How does getchar_unlocked() work?

Question

My question is based on a CodeChef problem called Lucky Four.

This is my code:

int count_four() {
  int count = 0;
  char c = getchar_unlocked();
  while (c < '0' || c > '9')
    c = getchar_unlocked();
  while (c >= '0' && c <= '9') {
    if (c == '4')
      ++count;
    c = getchar_unlocked();
  }
  return count;
}

int main() {
  int i, tc;
  scanf("%d", &tc);
  for (i = 0; i < tc; ++i) {
    printf("%d\n", count_four());
  }
  return 0;
}

Let's say I make a slight change to count_four():

int count_four() {
  int count = 0;
  char c = getchar_unlocked();
  while (c >= '0' && c <= '9') {
    if (c == '4')
      ++count;
    c = getchar_unlocked();
  }
  while (c < '0' || c > '9') // I moved this `while` loop
    c = getchar_unlocked();
  return count;
}

This is my output after moving the while loop below the other one:

0
3
0
1
0

instead of:

4
0
1
1
0

The input used to test the program:

5
447474
228
6664
40
81  

Why is this happening? How do getchar() and getchar_unlocked() work?

Answer 1

getchar_unlocked is just a lower level function to read a byte from the stream without locking it. In a single thread program, it behaves exactly like getchar().

Your change in the count_four function changes its behavior completely.

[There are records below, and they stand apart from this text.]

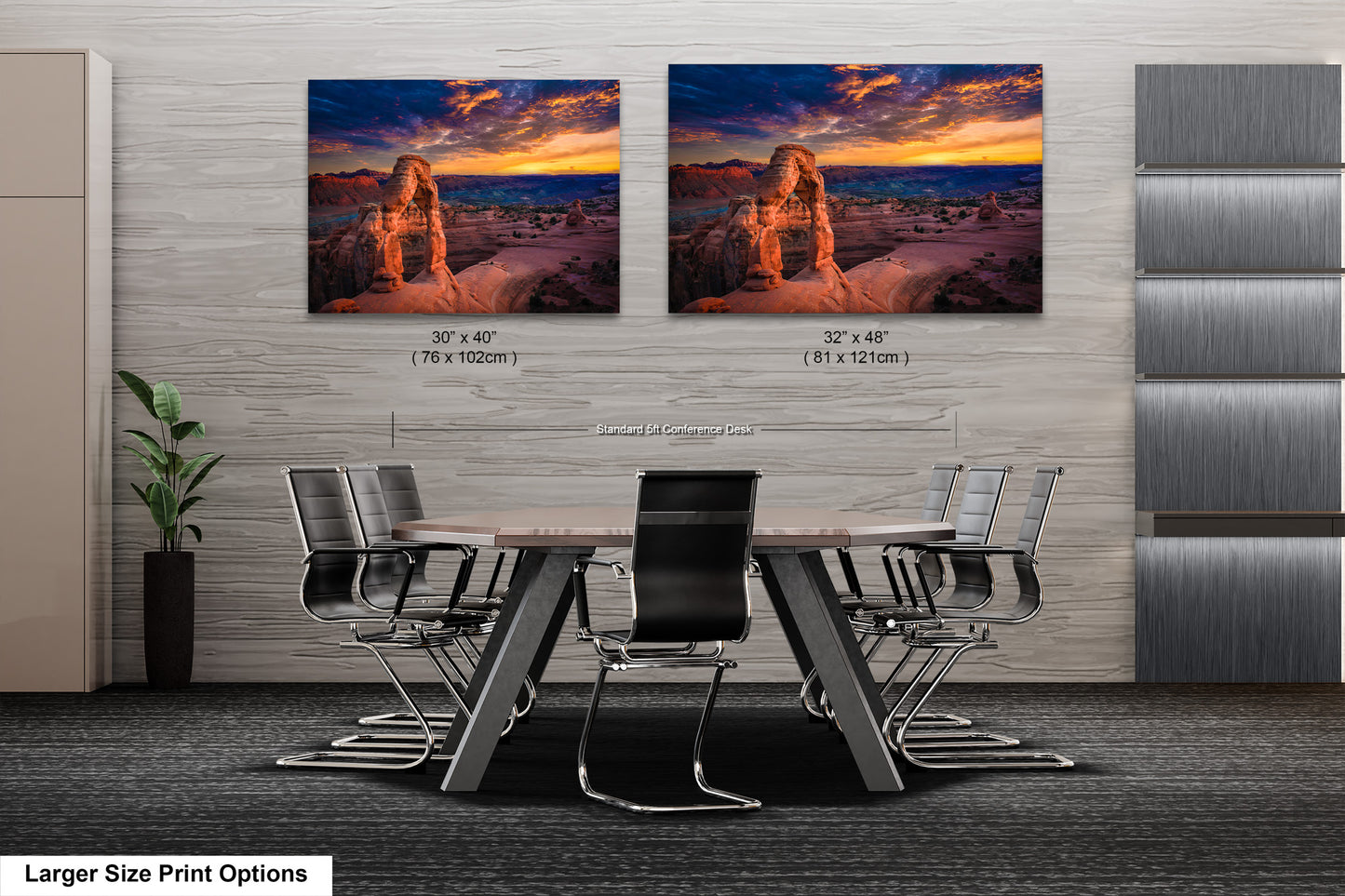 a dining room table with chairs and two pictures on the wall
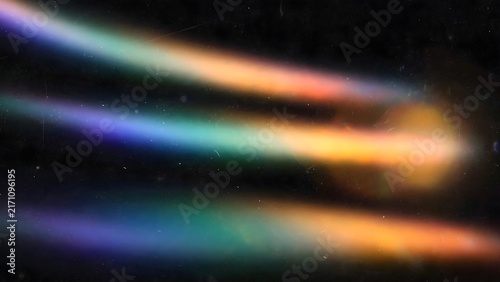 Abstract streaks of rainbow light against a black background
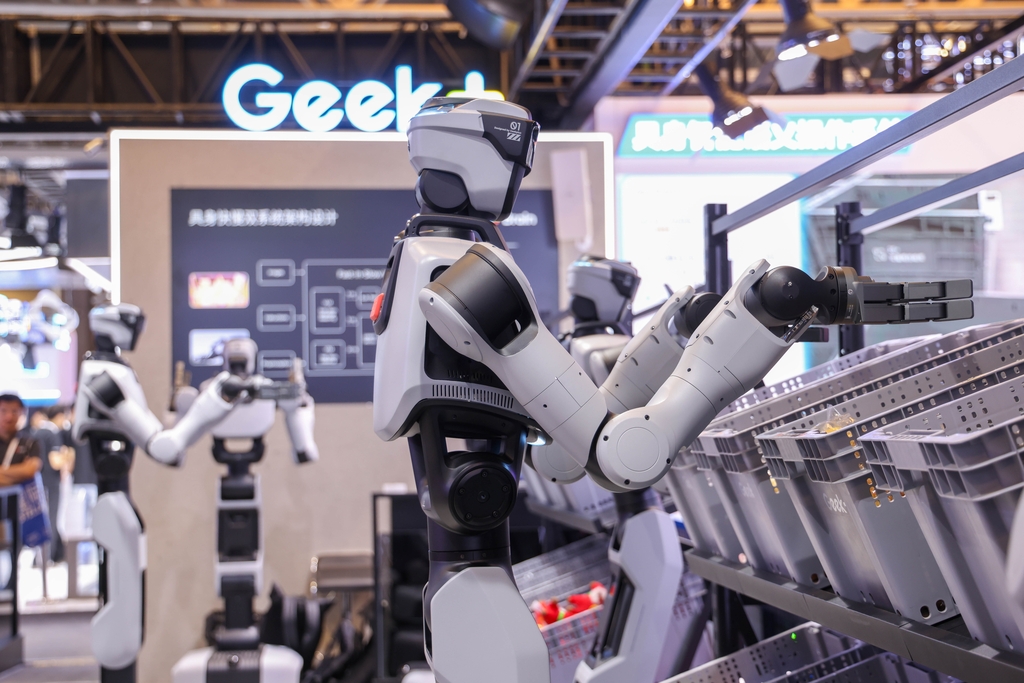 Robots humanoides clasifican artículos en un estand durante la Conferencia Mundial de Inteligencia Artificial de 2026-IC.jpg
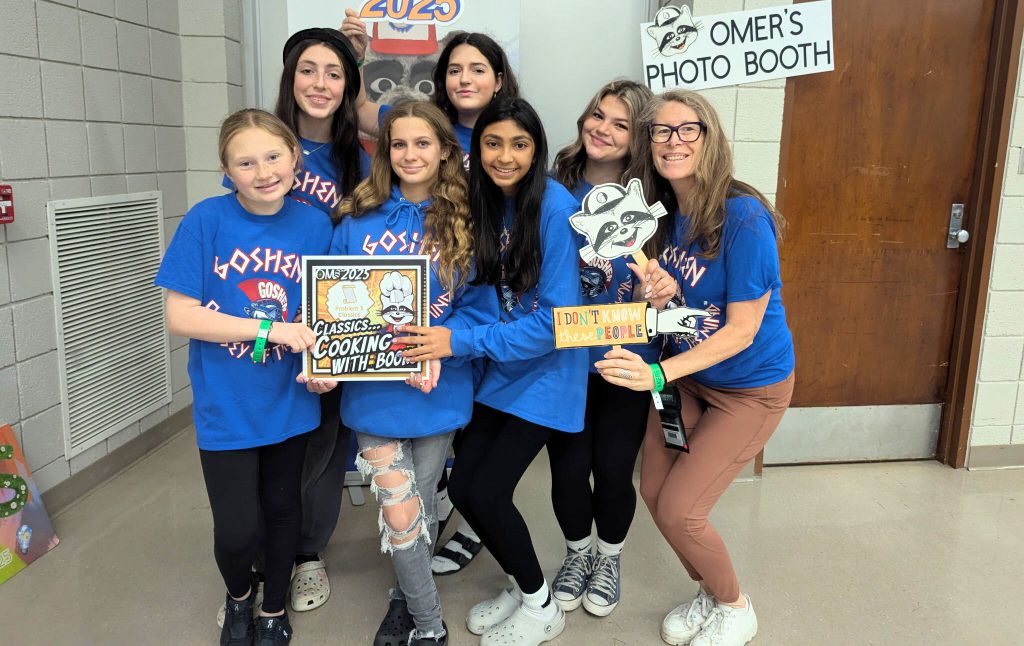 Team Schmidt smiles for a photo in the hallway at World Finals. They are all wearing Goshen Odyssey of the Mind team shirts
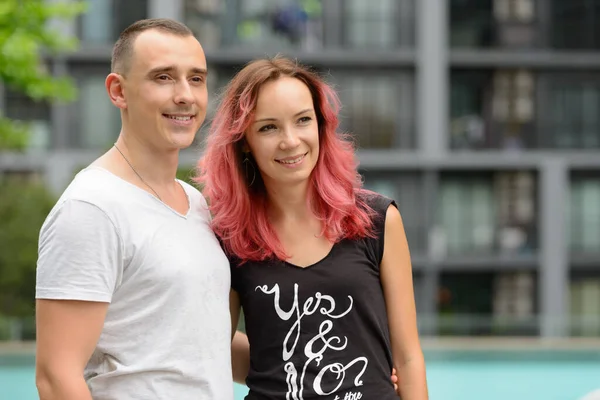 Portrait of handsome man and beautiful woman with pink hair as couple together in the swimming pool area outdoors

The original function reads the standard input. It skips non digits, causing an infinite loop at end of file. It then counts digits until it gets a '4'. The count is returned.

Your version reads the input, it skips digits, counting occurrences of '4', it then skips non digits, with the same bug on EOF, and finally returns the count.